Data below below:

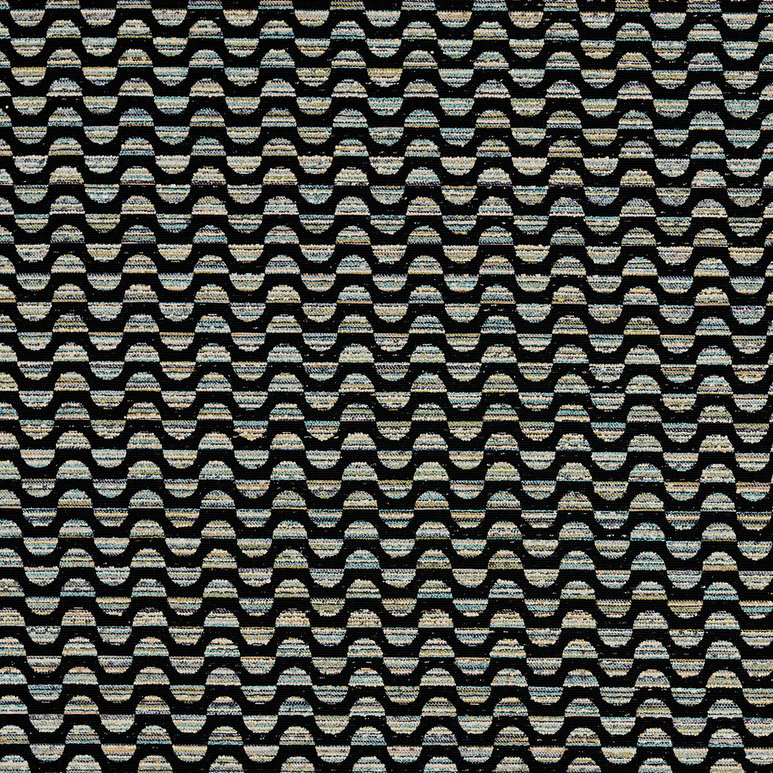 Clarke &amp; Clarke Olav Peacock Fabric
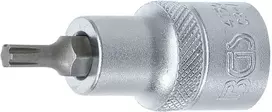 Bgs Technic Antgalis | ilgis 55 mm | 12,5 mm (1/2") | Spline (Ribe) M5 (4150)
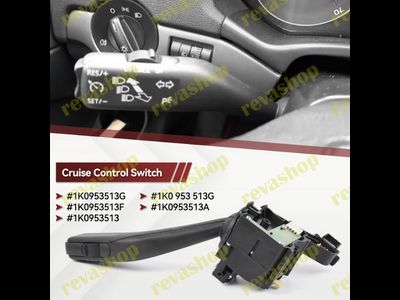 Переключатель поворотников с круиз-контроля для VW Jetta Golf 5 6 MK6 GTI MK5 Tiguan Rabbit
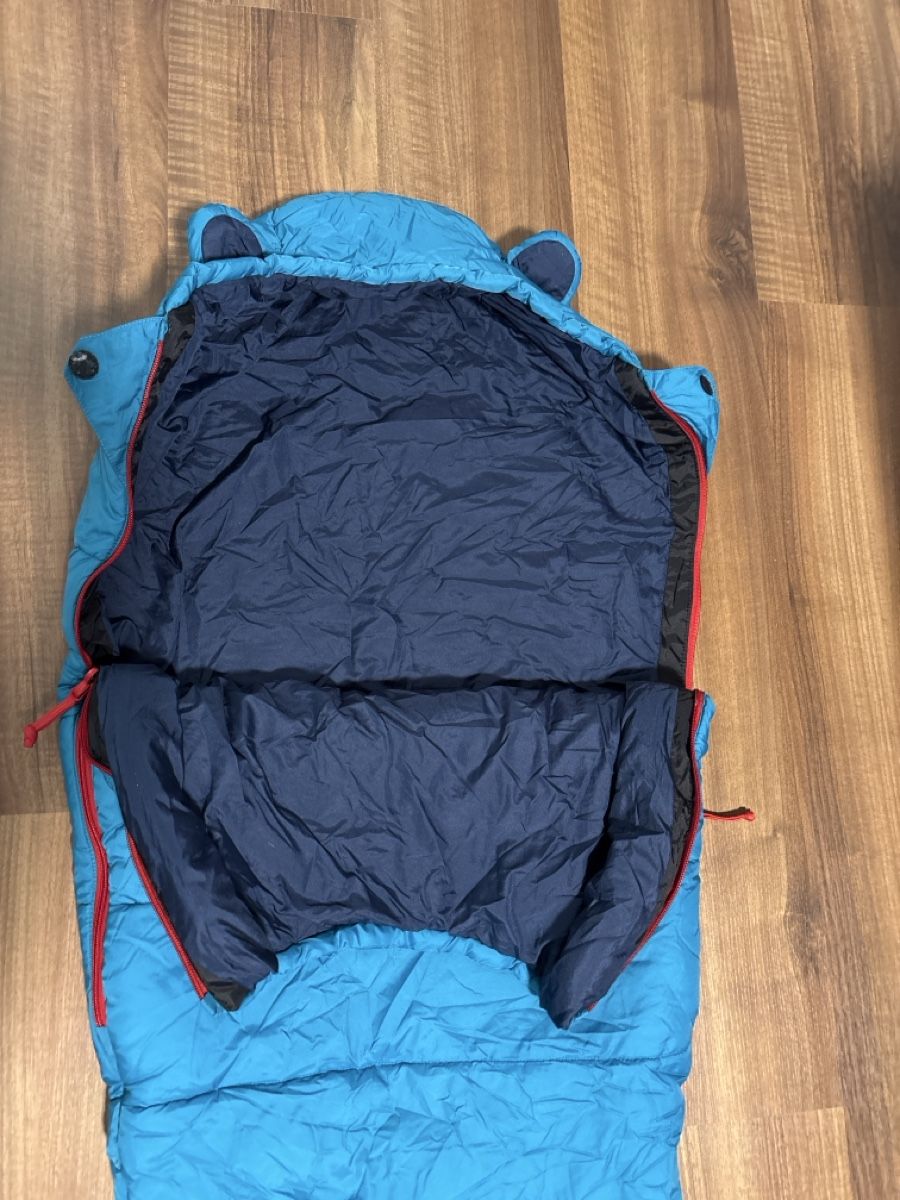 Sacchi a pelo: Deuter Kinderschlafsack littlestar 95-130cm – Usato da Eriswil venduto da Saendeli2 2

End of Data below.

- _Your goal_: Write out the listing above again, exactly, but with no pictures in the copy.

- _Response area_:
 Clarke &amp; Clarke Olav Peacock Fabric
 Bgs Technic Antgalis | ilgis 55 mm | 12,5 mm (1/2") | Spline (Ribe) M5 (4150)
 Переключатель поворотников с круиз-контроля для VW Jetta Golf 5 6 MK6 GTI MK5 Tiguan Rabbit
 Sacchi a pelo: Deuter Kinderschlafsack littlestar 95-130cm – Usato da Eriswil venduto da Saendeli2 2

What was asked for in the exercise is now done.